JERUSALEM, Nov 29 (Reuters) – Rights groups petitioned Israel’s top court on Monday to repeal new COVID-19 measures that authorise the country’s domestic intelligence service to use counter-terrorism phone tracking technology to contain the spread of the Omicron virus variant.
Announcing the emergency measures on Saturday, Prime Minister Naftali Bennett said the phone tracking would be used to locate carriers of the new and potentially more contagious variant in order to curb its transmission to others.
Israeli rights groups say the emergency measures violate previous Supreme Court rulings over such surveillance, used on-and-off by the country’s Shin Bet domestic intelligence agency since March, 2020.
“Operation of the Secret Service to trace citizens violates the basic trust between the citizen and the government,” the Association for Civil Rights in Israel (ACRI), one of four groups who petitioned the court, said in a statement.

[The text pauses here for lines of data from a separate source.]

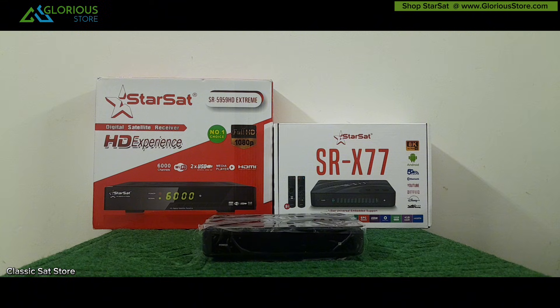Hello guys, welcome to Classics AD Store. In this video we will discuss how you can recover your 8K satellite receiver, especially the Starsat SRX 2X7. So many customers were asking us how they can recover their device in case it got stuck in the boot state, either due to power loss, wrong software, or any other reason.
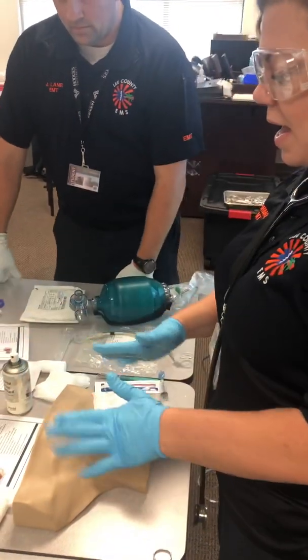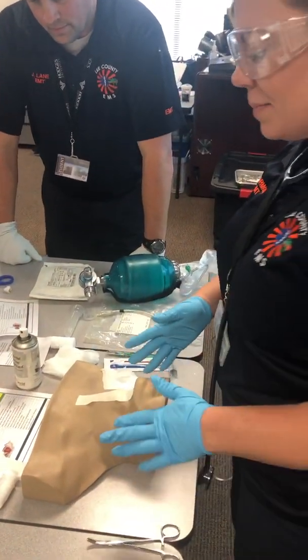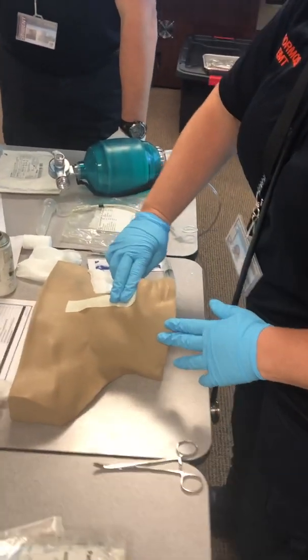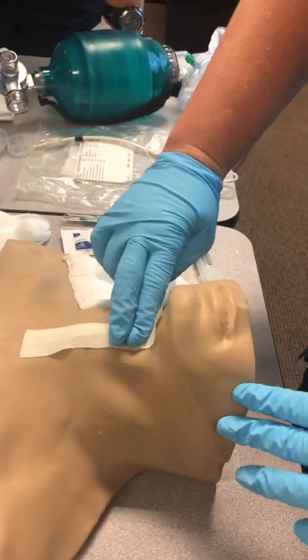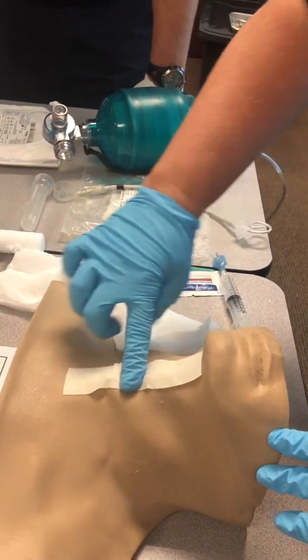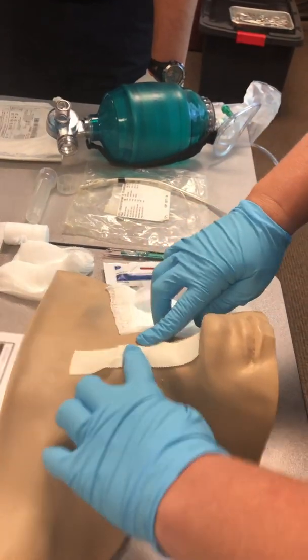First, make sure that the patient is supine, head and neck in midline and in neutral position. Then identify the cricothyroid membrane — here's a peak, a valley, and then a peak. You want to go in between the two peaks, which is the landmark.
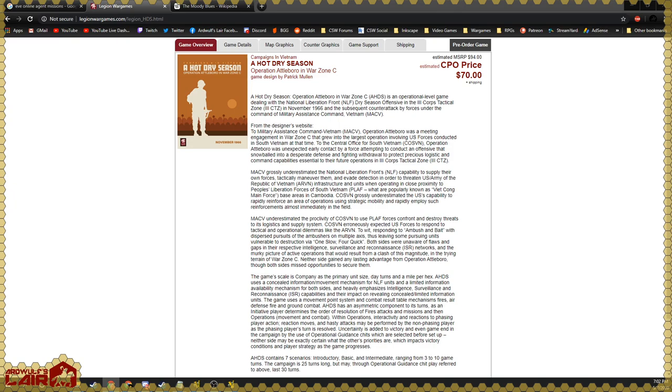We've talked quite a bit about your interest in the Vietnam War period. Before we get into the specifics of the research you had to undertake for 'A Hot Dry Season,' could you point us to a good one, two, or three volume source on the Vietnam War? I'm thinking something like McPherson's 'Battle Cry of Freedom' for the American Civil War — a military history.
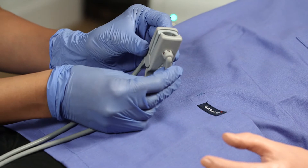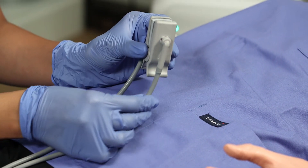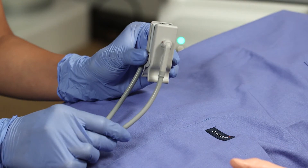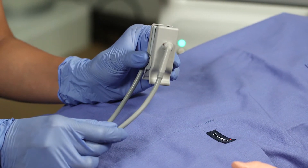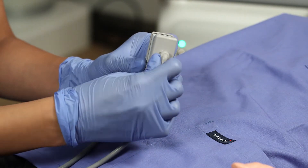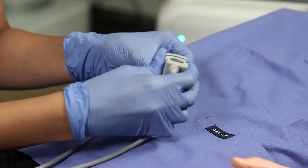When changing out the clips, be careful not to pull from the fiber optic part of the SpO2 probe. It is fragile and will break over time if continuously pulled. To change out the clips, pull from the hard plastic end and pull straight out. Then you will be able to snap in the clip you have chosen.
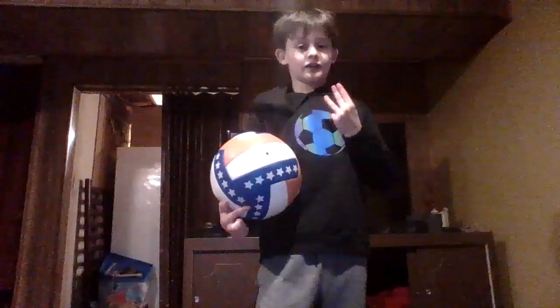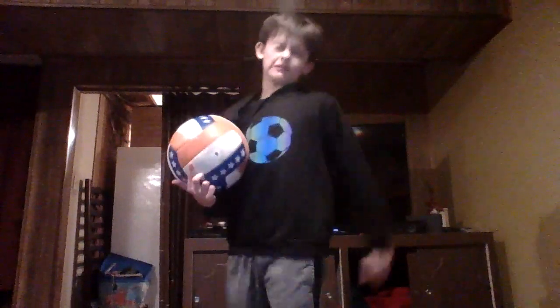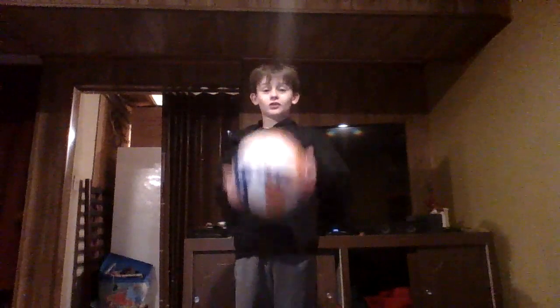Last video I did three — I tried to do three. This is a volleyball, so it's a bit harder than a football or soccer ball, whatever you guys call it. But I'm going to do it four times instead of three. I'm going to keep adding one more juggle until I reach my limit.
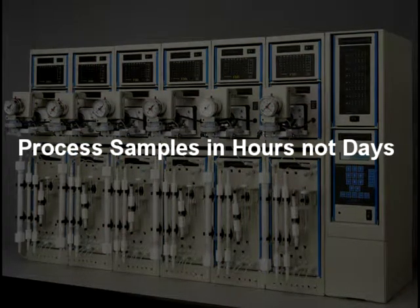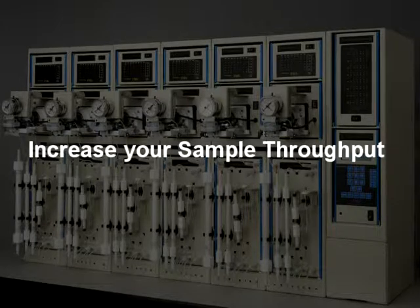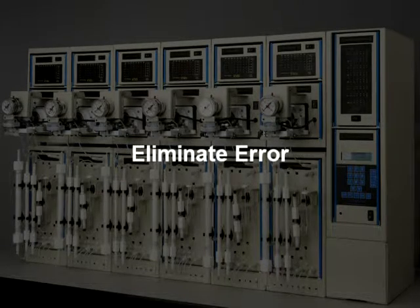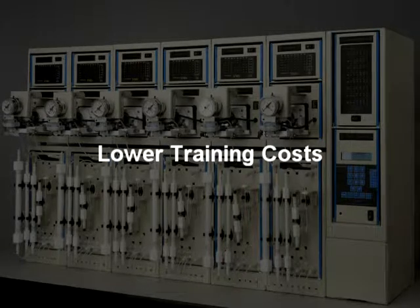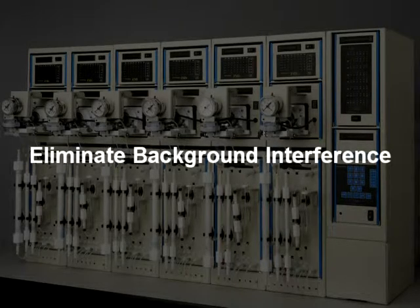With a few keystrokes, the PowerPrep system performs an entire column chromatography, automatically achieving consistent and high recoveries for all analytes. The unattended operation of the system saves labor and valuable time. The PowerPrep system reduces the amount of glassware and solvents required for manual sample cleanup.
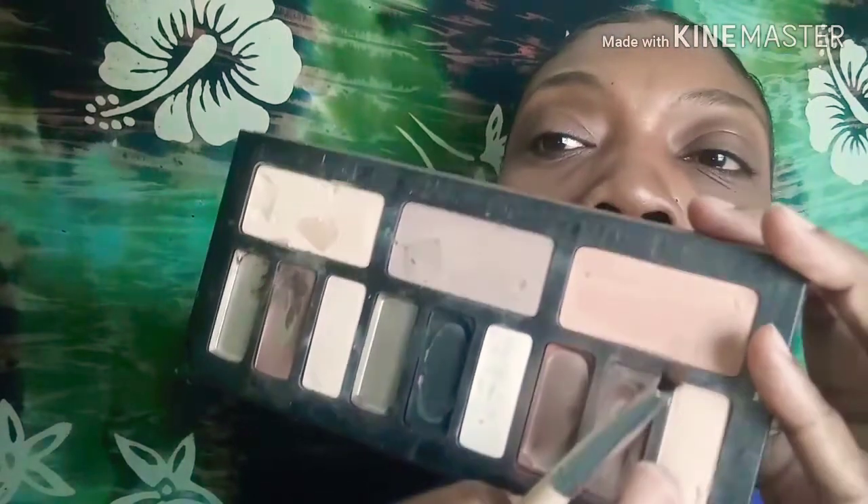Let's do the brows. What I'm going to use is the Kat Von D eyeshadow palette — it's an old palette. I just get the powder and start filling in my brows. I don't really use a pencil, but I find that this is faster and enough for me.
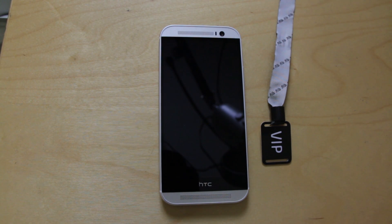Hi everyone. Today I want to talk about near-field communication and the HTC One M8. If you're aware or not, near-field communication or NFC tags are a major part of our mobile landscape.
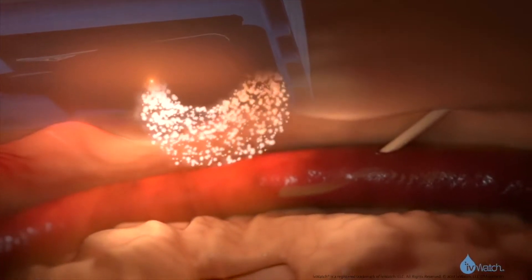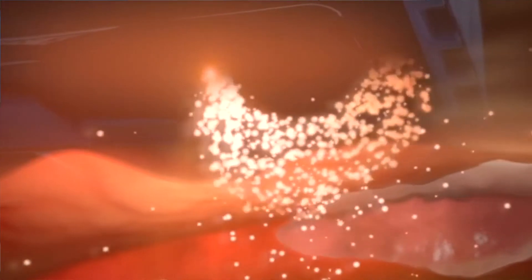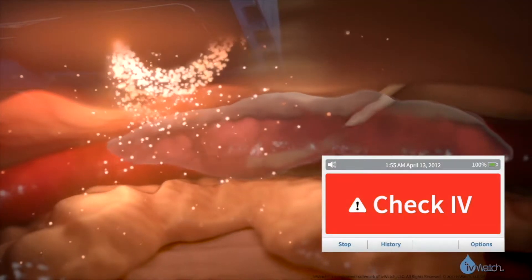The system works by shining light into the surrounding soft tissue and monitoring the amount of light being reflected back. If you have an infiltration, when the light hits that fluid, that light is going to scatter — you're not going to get as much light reflected back into the system. That's going to signal the system to alert you, the clinician, that something's changed and you want to assess the patient's IV site.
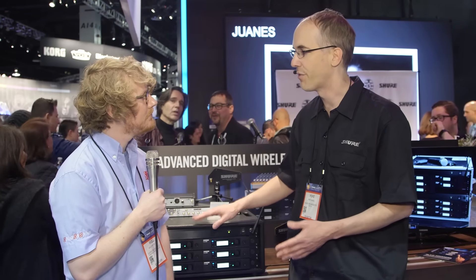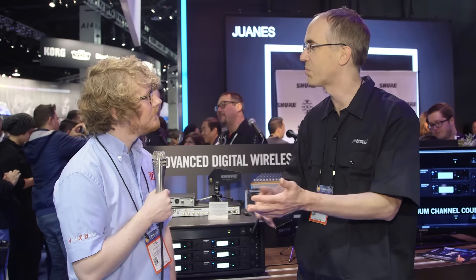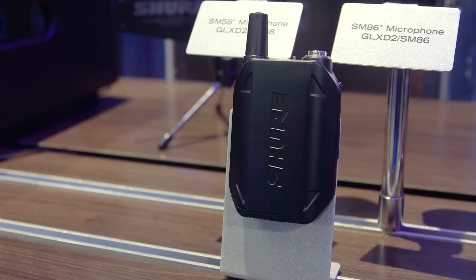The system itself consists primarily of a half-rack receiver with removable antennas, a frequency manager that takes care of all the automatic frequency management, and a directional antenna to point it at the stage and get what you want — but also reject interference like a WiFi access point for improved RF performance.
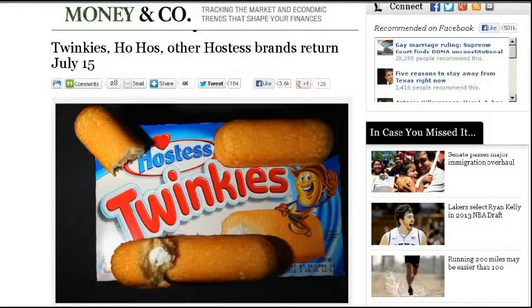Hostess Twinkies — they've gone bankrupt, but they've sold off the brand names to various manufacturers. If you go to the Hostess.com website, there's an actual countdown clock until July 15th, so in the U.S. they will be back on the shelves.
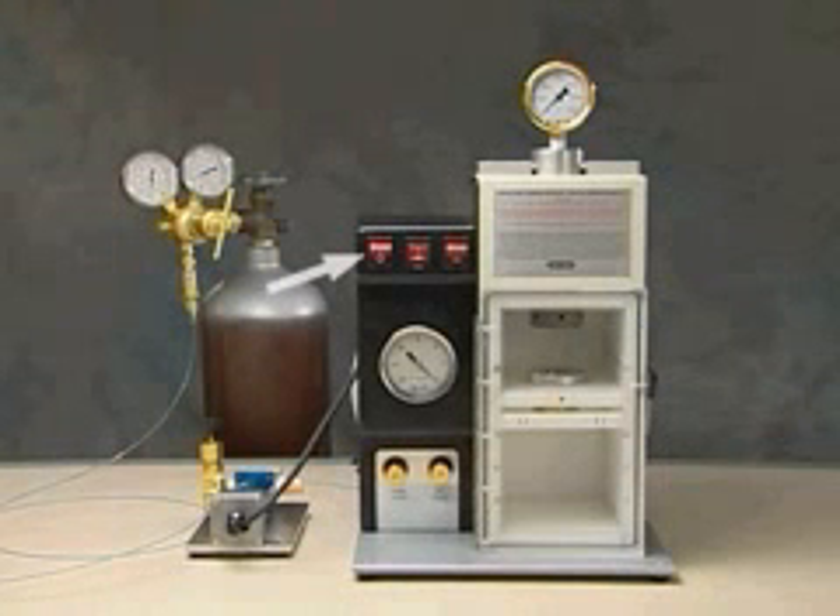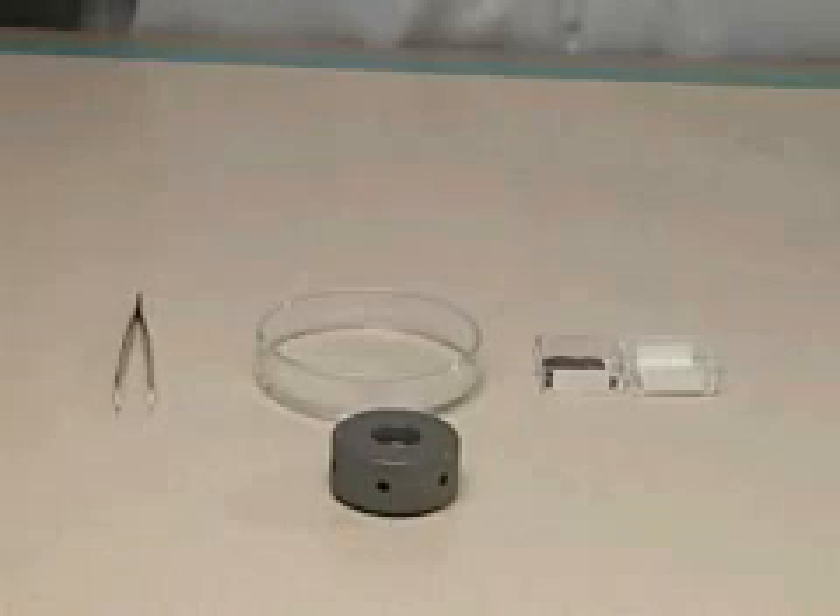Switch on the unit using the on-off switch on the control panel. Select a rupture disc of the desired burst pressure using sterile forceps.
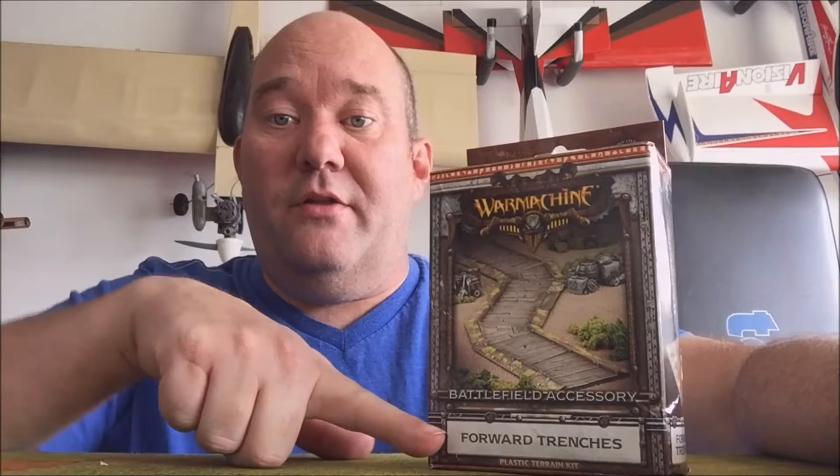Hey, this is Larry from Larry's Hobby Garage. Today we got home from work and the forward trenches came in the mail. We're going to pop these open and take a look.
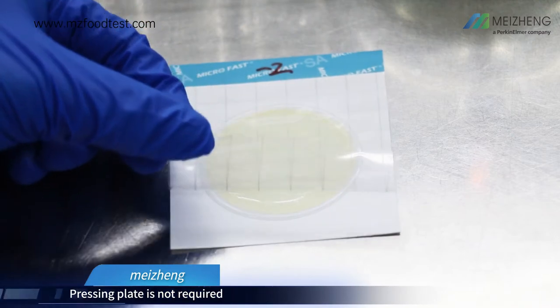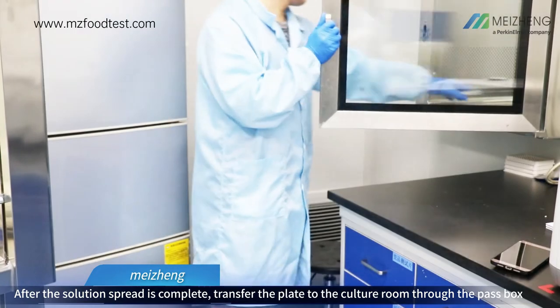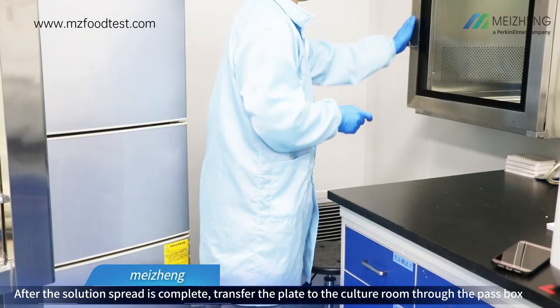Pressing the plate is not required. After the solution spread is complete, transfer the plate to the culture room through the pass box.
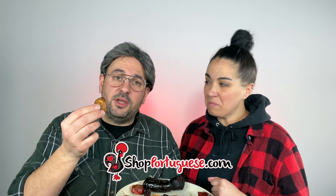Guys, if you want these sausages, you can get them at shopportuguese.com. That's right, and they ship anywhere in the United States. And you know what, if you don't have an air fryer, that's okay — throw it in the oven, throw it in the panella, you're good to go. Excuse me, well I actually was hoping I could... What? Get the heck out of here, please, get out of here. Here's your old mic.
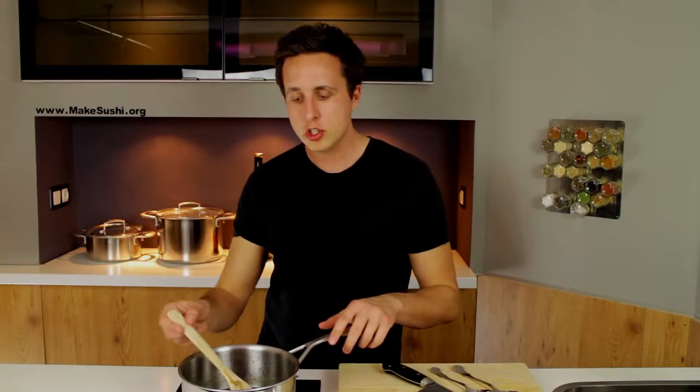Once you put all the liquid in, the caramel solidifies into rocks at the bottom, so just keep stirring and it will dissolve into the liquid. Then reduce it down to a much thicker sauce — put it on low temperature and this might take 15 to 20 minutes. Keep an eye on it, and when it's at the right thickness for you, remove it from the heat and let it cool down.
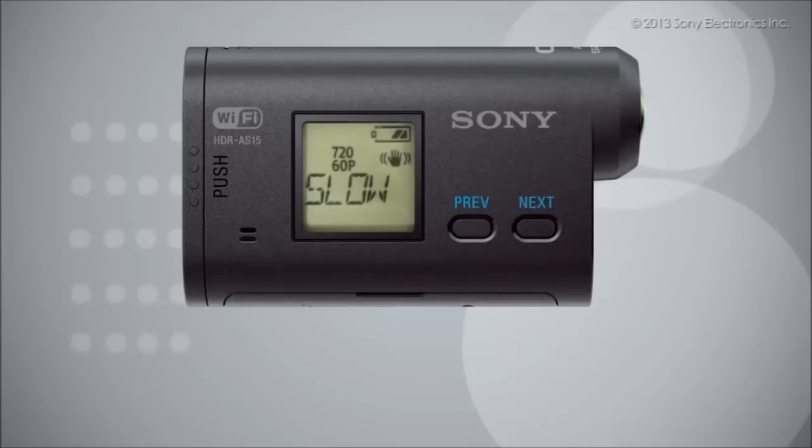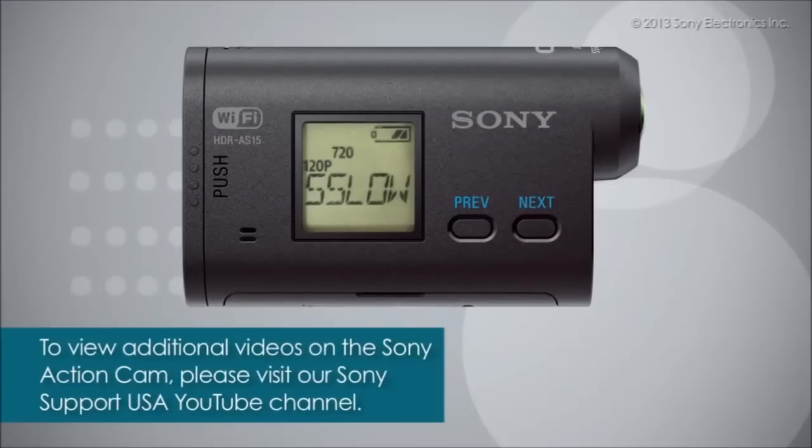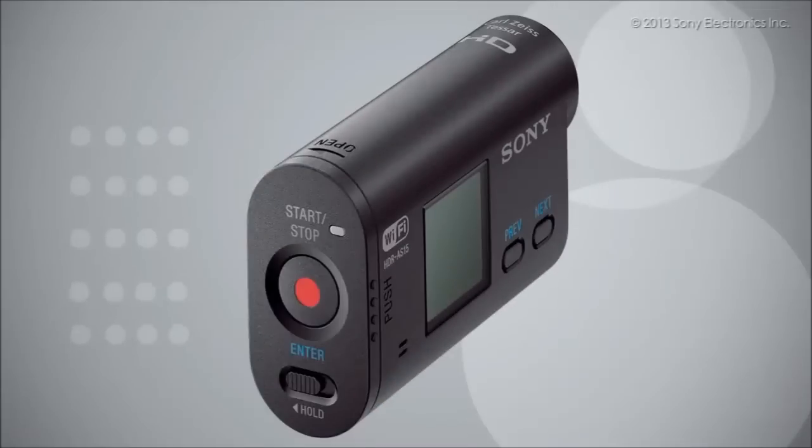The Sony action cam has a variety of recording modes to choose from. To view additional videos on the Sony action cam and its recording features, please visit us at Sony Support USA YouTube channel. Press the enter button to select your desired recording mode.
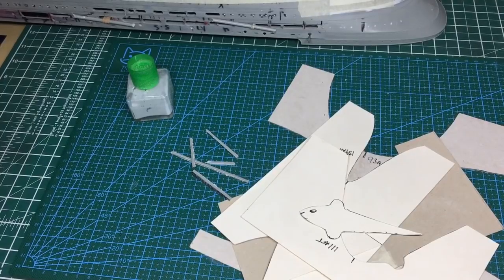Hiya guys, Nigel here with you. This is part nine of the whole Corrections video series. I've done quite a bit off camera, which is why you haven't had a video. Today is Sunday the 3rd of January and I have done quite a bit of work on this hull.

The Supreme Court gave the government until Tuesday to respond to the petition, ACRI said.
A senior health ministry official said on Sunday that use of phone tracking would be “surgical” in nature, only to be utilised on confirmed or suspected carriers of the variant.
The surveillance technology matches virus carriers’ locations against other mobile phones nearby to determine with whom they have come into contact. Israel’s Supreme Court this year limited the scope of its use after civil rights groups mounted challenges over privacy concerns.
Israel, which has banned almost all foreigners from entering the country over Omicron fears, has confirmed two cases of the new variant. Ten others are suspected of having contracted it.